Despite Feinberg’s warnings, many lawsuits have been filed in a number of different contexts. The Cherokee Nation filed claims earlier this year in a tribal court, targeting both Big Pharma companies and distributors. Everett, a city in Washington, filed a suit against Purdue in January. In that suit, plaintiffs claim that the company knew that OPRs were being sold on the black market and let it happen anyway. And more recently, Washington Attorney General Bob Ferguson filed claims against Purdue, asking for civil penalties and damages, and requesting that Purdue forfeit all profits gained (in Washington) by way of its allegedly illegal activity.

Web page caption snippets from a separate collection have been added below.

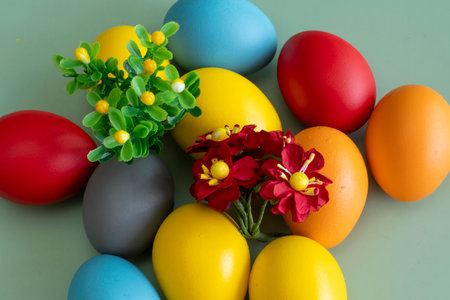 Colorful easter eggs with flowers on green background. happy easterの写真素材
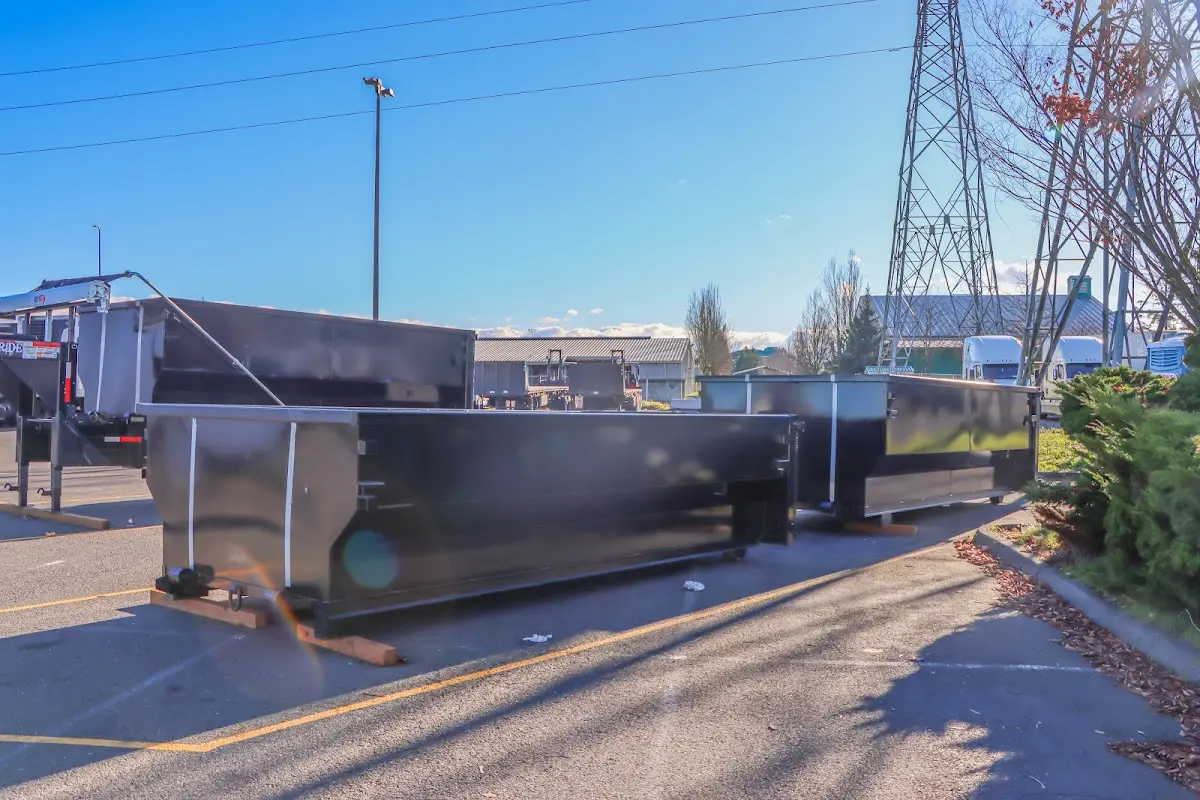 Roll-off dumpster ready for waste disposal at job site for 3 Yard Dumpster Rental in Macomb
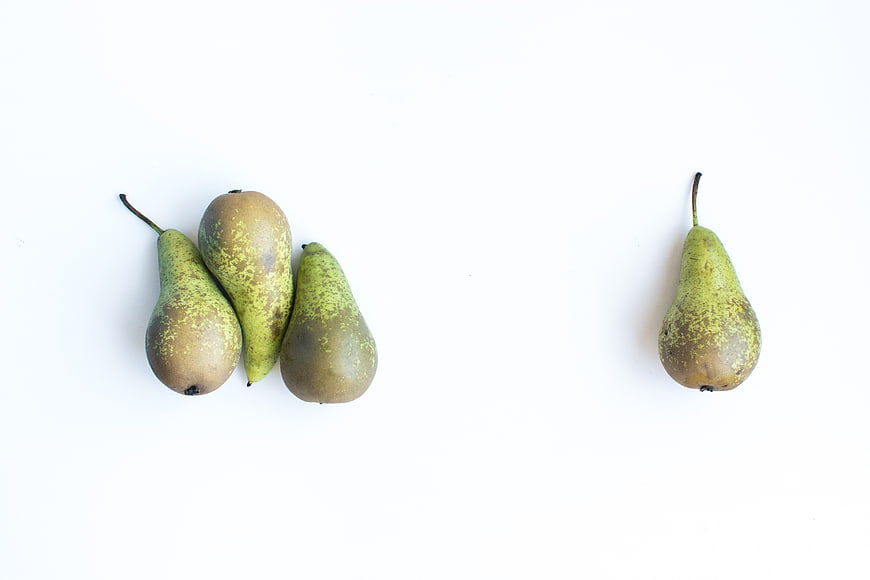 Fresh green pears on white background top view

Sam Quinones, who wrote Dreamland: The True Tale of America’s Opiate Epidemic, told The Atlantic, “What you’re getting now is a lot more legal minds across the country focusing on this, and figuring out how to pay these huge bills,” continuing, “Everyone is groping for a legal theory that will work in court.”

Which Theory?

Litigators recognize that they face steep odds as they attempt to take on pharmaceutical behemoths who have their hands in the pockets of regulators and politicians nationwide. Plaintiffs need to overcome more than just a disparity of resources. The case history tells a pro-pharma story that will be difficult to overcome. Appeals to negligence, product liability (including defective product and insufficient warning label claims), and negligent marketing (among other theories) have yielded mostly negative results for plaintiffs, according to a West Virginia Law Review paper.

There may be some hope in the lawsuit filed in Mississippi, where plaintiffs argue that Purdue robbed Medicaid of millions of dollars by concealing the “true status of their respective drugs from the state’s Medicaid agency.” Attorneys representing the state of Mississippi and other states and governmental agencies appear to have valid legal theories, it is just a question of whether juries and judges will see it that way.